On September 17th, 1998 the Ithaca Journal ran its first "Ask A Scientist!" article in which Professor Neil Ashcroft , who was then the director of CCMR, answered the question "What is Jupiter made of?" Since then, we have received over 1,000 questions from students and adults from all over the world. Select questions are answered weekly and published in the Ithaca Journal and on our web site. "Ask A Scientist!" reaches more than 21,000 Central New York residents through the Ithaca Journal and countless others around the world throught the "Ask a Scientist!" web site.

Across disciplines and across the state, from Nobel Prize winning scientist David Lee to notable science education advocate Bill Nye, researchers and scientists have been called on to respond to these questions. For more than seven years, kids - and a few adults - have been submitting their queries to find out the answer to life's everyday questions.

Previous Week's Question Published: 2 February, 2000 Next Week's Question
How far into space can you take a cell phone and be heard?
Question
Can a cellular phone work in space? How far into space can you go without losing communication?

Question
Cellular phones use radio waves, just like AM or FM waves you receive with your car radio. You've probably noticed while driving in your car that as you get further from a radio station, the signal fades away and becomes too weak to receive.
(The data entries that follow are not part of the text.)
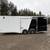 2026 Alcom Blaze 8.5×24' Car Trailer| All aluminum | Gullwing Door 3 thumbnail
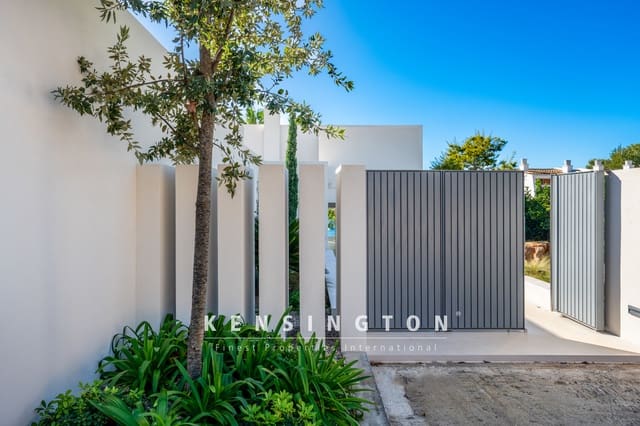 Chalet de 5 habitaciones en Costa de los Pinos, Son Servera en venta - 5.200.000 € (Ref: 9164706)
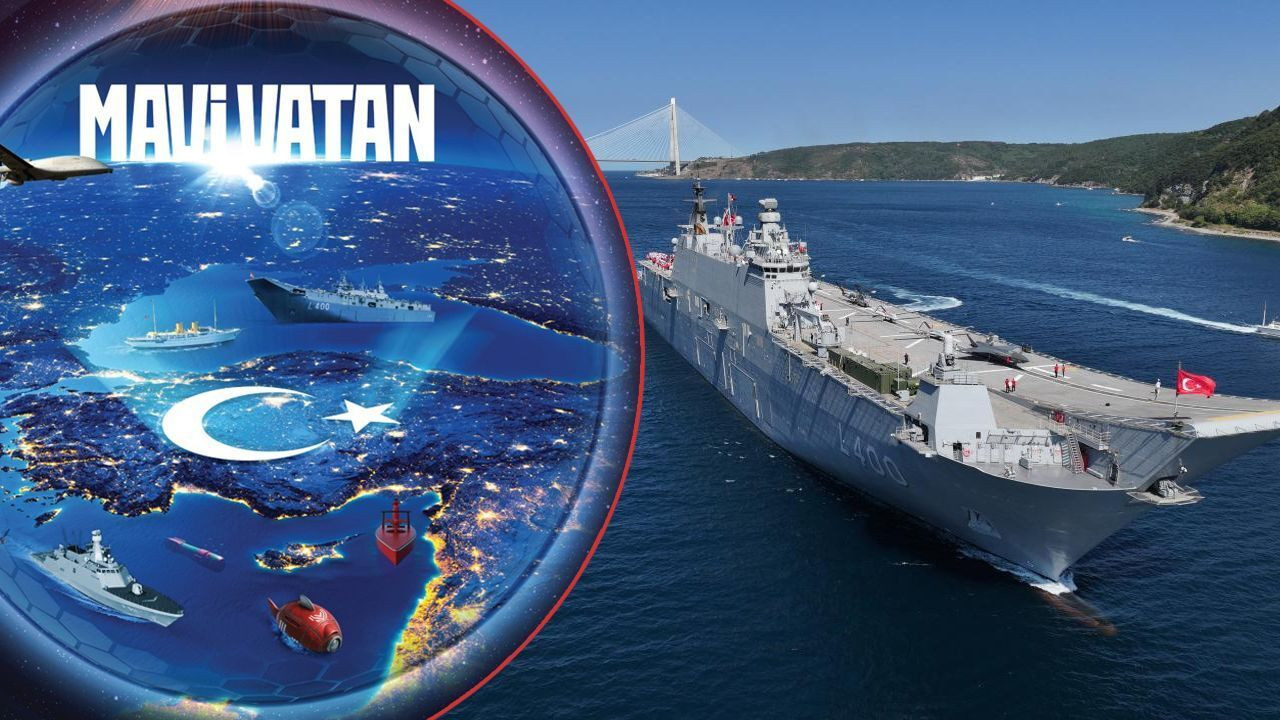 Zafer haftasında denizde milli teknoloji şöleni: TEKNOFEST Mavi Vatan bugün başlıyor! TCG Anadolu ve donanmanın yıldızlarını ziyaret edebilirsiniz... - Sayfa 6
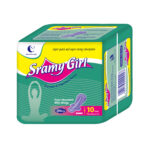 Breathable  menstrual napkin sanitary napkin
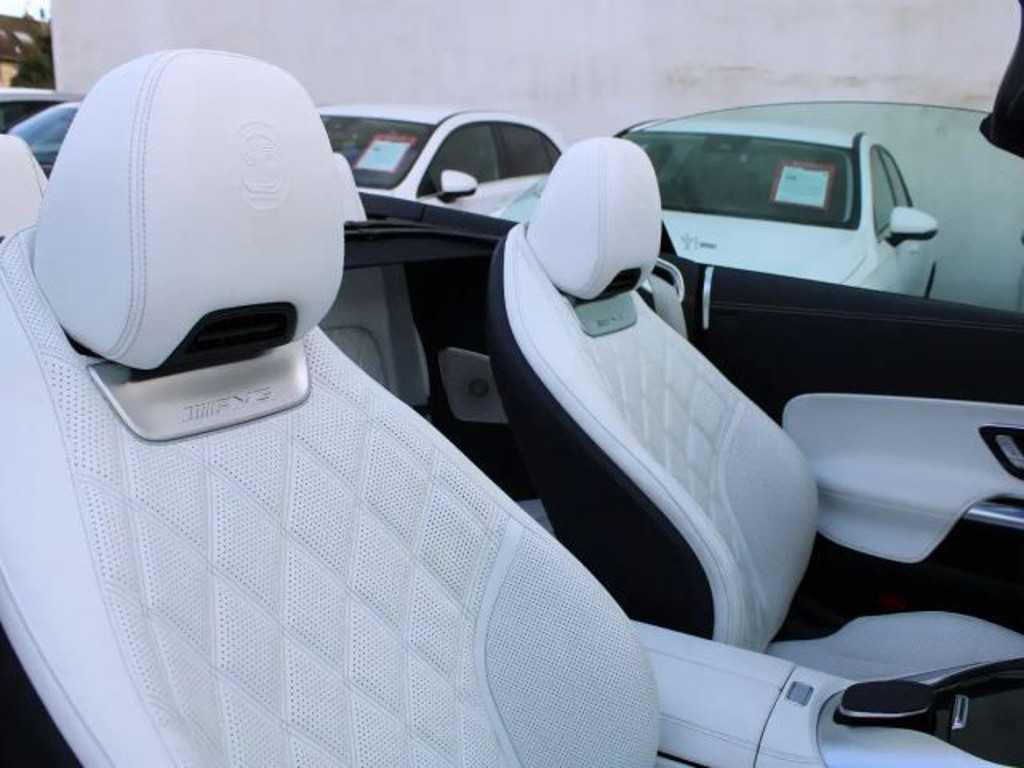 Mercedes-Benz SL-Klasse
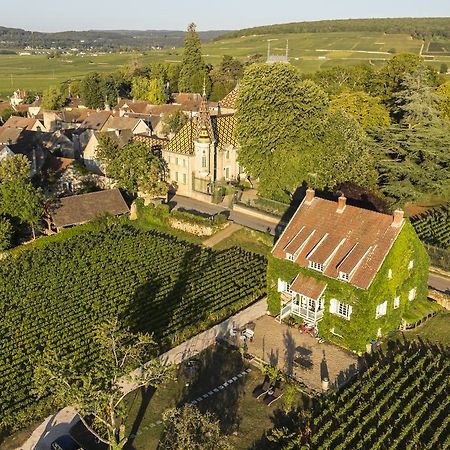 La Passerelle Des Corton B&B Aloxe-Corton Exterior photo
Cellular phones work almost everywhere you go because many radio towers have been installed and our phones automatically connect to the closest tower.

If you took a cellular phone on the space shuttle you would be a very long distance from the nearest radio tower and the signal would be too weak to connect to. The astronauts on a space shuttle have a very powerful transmitter to talk with earth. If the space shuttle went deeper into space, they would have to transmit using an even more powerful transmitter and the controllers on earth would have to use very sensitive receivers.

When trying to communicate into space, radio waves take time to travel the very large distances. The sun seems very close compared to all other stars, but it still takes more than 8 minutes for a radio wave to travel from the sun to earth. So, if you asked someone near the sun a question, it would take almost twenty minutes to get an answer! To get an answer from someone who was at Alpha Centauri, which is the next nearest star, it would take almost ten years! Scientists have been able to hear very faint radio signals that have been traveling from the edge of the universe for more than 10 billion years, but it is hard to imagine trying to have a conversation with anyone beyond our solar system.